The Battle of Zboriv (, ), during the Khmelnytsky Uprising, was fought near the vicinity of Zborów (village of Mlynivtsi, Ukraine) on the Strypa River, and near the Siege of Zbarazh.  The battle was fought between the combined Cossack-Crimean force and the Crown army of the Polish–Lithuanian Commonwealth.

King John II Casimir Vasa and the main Polish army left Warsaw on 23 June and had made it to Toporiv in the final days of July when Mikolaj Skrzetuski (called Jan Skrzetuski in Henryk Sienkiewicz's With fire and Sword) informed the king of the desperate situation at Zbarazh.  The king made it to within a half-mile of Zboriv on 13 August.

Battle
On August 9, 1649, Bohdan Khmelnytsky had redeployed his main forces from Zbarazh to Staryi Zbarazh to the west, where the terrain hid them from the Poles, and he used deception to prevent the besieged from noticing.  The Horde, followed by the Cossack Host, advanced toward the royal camp during the night of 15 August.

The Crown forces were surprised during the rainy and foggy day while they crossed the Strypa River. The Horde split into two parts and attacked from the front and the back, but the king rallied his army to repel the attack and the Tatars retreated by nightfall.

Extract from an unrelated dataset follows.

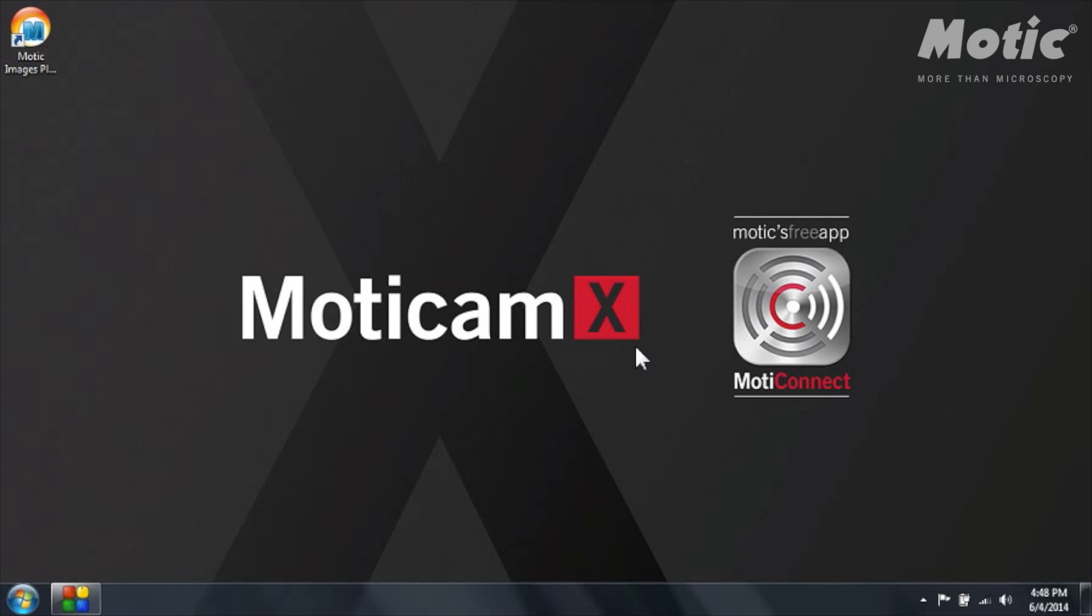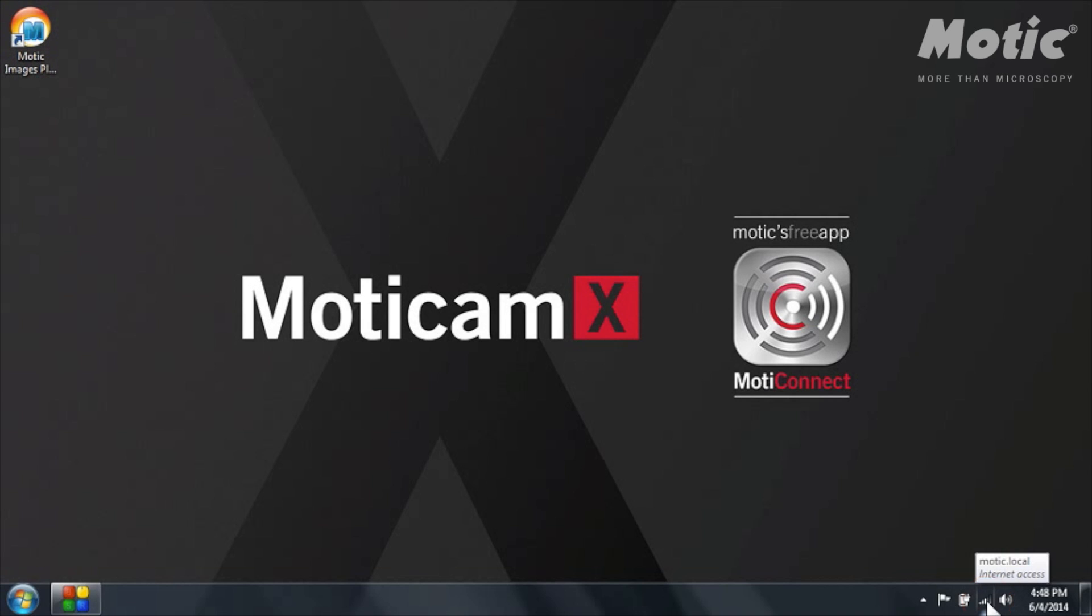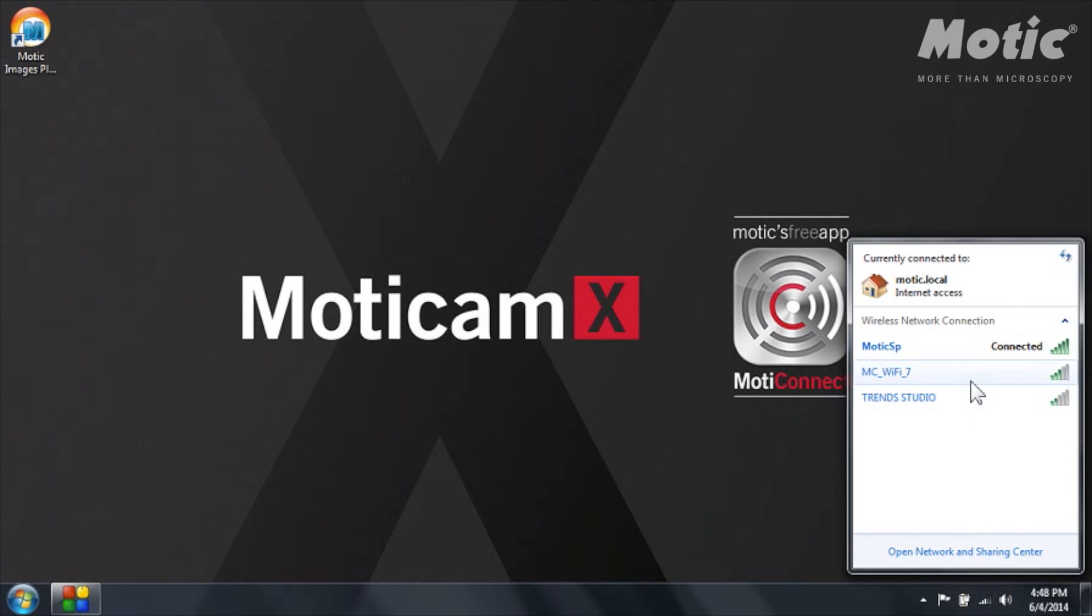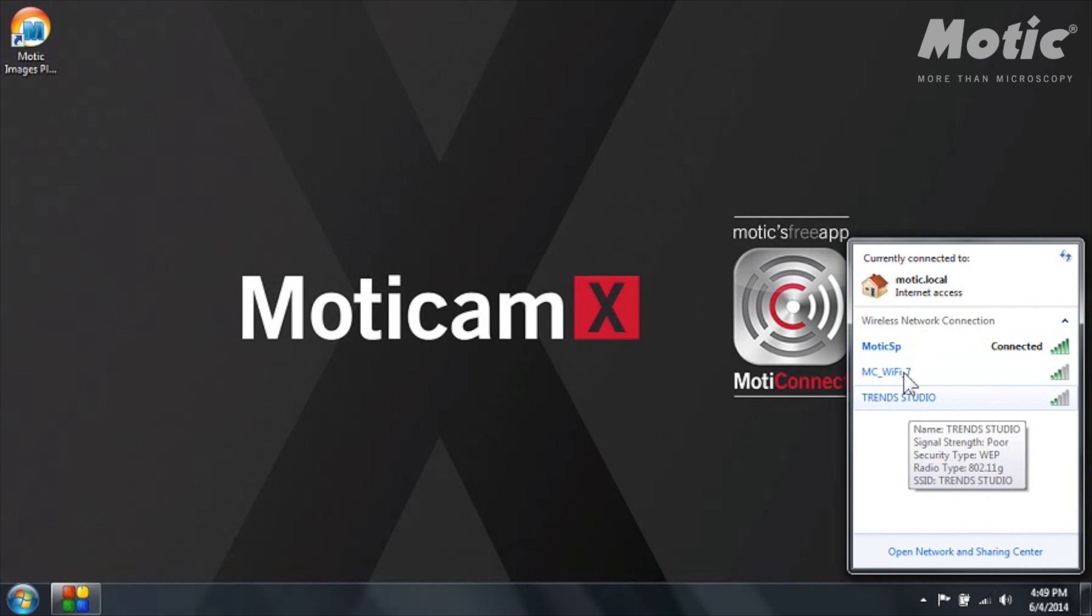Of course the router needs to be activated and if the router is activated you should see on the toolbar of your computer this icon which is the icon of the Wi-Fi connection. When you click on it you will see that there is a window with the list of Wi-Fi signals in your area.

The night brought a council of war on the Polish side and two letters from the king, one for the Khan and one for Khmelnytsky.  The letter to the khan "reminded the khan of the favor that he had enjoyed from the Poles in his youth, while sojourning as a captive... invited the khan to a renewal of their old friendship... receiving money for past, present, and future years." The letter to Khmelnytsky commanded him to "abandon all hostile actions and retreat ten miles from our army, and send us your envoys - what you desire from us and from the Commonwealth."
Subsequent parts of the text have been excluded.